**REQUIRED WORK**
Output only this range of the data below: the line that contains "Image titled Harvest Kudzu Step 17" through the final line, both ends included, each retyped exactly.

[Data extracted from a collection]
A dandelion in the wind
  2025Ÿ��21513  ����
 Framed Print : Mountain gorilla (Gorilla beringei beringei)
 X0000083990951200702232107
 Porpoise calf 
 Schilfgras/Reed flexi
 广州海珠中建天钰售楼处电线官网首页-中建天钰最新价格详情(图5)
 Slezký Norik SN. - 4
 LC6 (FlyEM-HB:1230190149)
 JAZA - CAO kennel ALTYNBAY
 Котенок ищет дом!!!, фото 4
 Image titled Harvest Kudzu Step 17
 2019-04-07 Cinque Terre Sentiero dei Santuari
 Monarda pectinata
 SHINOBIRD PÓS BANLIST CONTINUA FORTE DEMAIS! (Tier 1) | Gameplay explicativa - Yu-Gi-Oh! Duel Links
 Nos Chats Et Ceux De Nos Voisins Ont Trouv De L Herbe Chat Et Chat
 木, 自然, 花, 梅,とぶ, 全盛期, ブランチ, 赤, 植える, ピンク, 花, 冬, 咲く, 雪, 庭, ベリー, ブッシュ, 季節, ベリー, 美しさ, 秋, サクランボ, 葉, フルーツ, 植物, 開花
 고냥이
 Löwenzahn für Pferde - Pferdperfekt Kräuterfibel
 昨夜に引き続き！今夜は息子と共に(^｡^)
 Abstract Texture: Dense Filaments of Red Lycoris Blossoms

**REPLY TO THE EXERCISE**
 Image titled Harvest Kudzu Step 17
 2019-04-07 Cinque Terre Sentiero dei Santuari
 Monarda pectinata
 SHINOBIRD PÓS BANLIST CONTINUA FORTE DEMAIS! (Tier 1) | Gameplay explicativa - Yu-Gi-Oh! Duel Links
 Nos Chats Et Ceux De Nos Voisins Ont Trouv De L Herbe Chat Et Chat
 木, 自然, 花, 梅,とぶ, 全盛期, ブランチ, 赤, 植える, ピンク, 花, 冬, 咲く, 雪, 庭, ベリー, ブッシュ, 季節, ベリー, 美しさ, 秋, サクランボ, 葉, フルーツ, 植物, 開花
 고냥이
 Löwenzahn für Pferde - Pferdperfekt Kräuterfibel
 昨夜に引き続き！今夜は息子と共に(^｡^)
 Abstract Texture: Dense Filaments of Red Lycoris Blossoms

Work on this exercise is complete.